Doğu Anadolu’nun kanaat önderlerinden Abdülkerim Çevik, iki aile arasındaki husumete son vermek için bulunduğu Bitlis’in Güroymak ilçesinde uğradığı silahlı saldırı sonucu vefat etti. İçişleri Bakanı Süleyman Soylu, sosyal medya hesabından vefat bilgisini şöyle paylaştı: “Çok hüzünlüyüm. Bir alimin ölümü, bir alemin ölümüdür. Bitlis Güroymak (Norşin) Medresesi Başmüderrisi Seyda Abdülkerim Çevik Allah’a yürüdü. Allah rahmet eylesin.” Çevik’in vefatı tüm bölgeyi derinden sarsarken, Abdülkerim Hoca’nın yakın dostlarından Müfid Yüksel, merhumla alakalı Baran’a görüş ve düşüncelerini belirtti. Yüksel şöyle konuştu;
 
“Beş yüz ailenin yaşadığı husumete son verdi”
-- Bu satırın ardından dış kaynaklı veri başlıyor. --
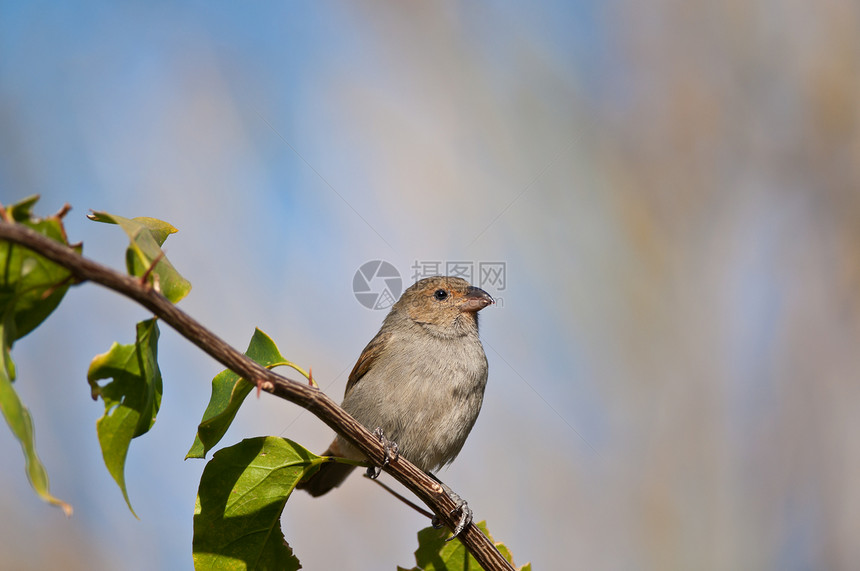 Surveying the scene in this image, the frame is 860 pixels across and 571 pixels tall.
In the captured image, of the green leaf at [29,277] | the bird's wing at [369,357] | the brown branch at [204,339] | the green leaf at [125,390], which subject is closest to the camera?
the brown branch at [204,339]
Merhum Abdülkerim Çevik anne tarafımdan akrabamdı. Yakın dostumuzdu. Çocukluğumuzdan beri birbirimizi tanırdık. Çeşitli ailelerin kan davası, arazi davası ve başka ne sorunu olursa olsun hepsine müdahil olan, insanları barıştıran biriydi. Sulh ve arabuluculuk konusunda toplumsal bakımdan çok ciddi işlevler görüyordu. Fonksiyonu çok genişti. Neredeyse bütün İslâm dünyasından tanıdığı insanlar vardı. Herkesin gönlünde taht kuran bu bölgede memlekette güzel işler yapan insanlarımızdan biriydi. Hem bu anlamdaki faaliyetleriyle hem de kişiliğiyle insanlara kendini sevdirmişti. Türkiye’nin çeşitli illerinde farklı topluluklar arasında sözü geçen biriydi. Hatta Suriye içlerine kadar nüfuzu vardı. Halim mizaçta çok güvenilir bir alimdi. İyi bir medrese tahsili vardı. Ohin şeyhlerinden Şeyh Asım’dan tarikat ehliyetini belirten icazetini almıştı. Nakşibendî çizgisinde bir alimdi. Çok güçlü medrese faaliyetleri vardı. Norşin medreselerini ayakta tutan en önemli insanlardan, baş müderrislerden biriydi. Yıllardır talebe yetiştiriyordu.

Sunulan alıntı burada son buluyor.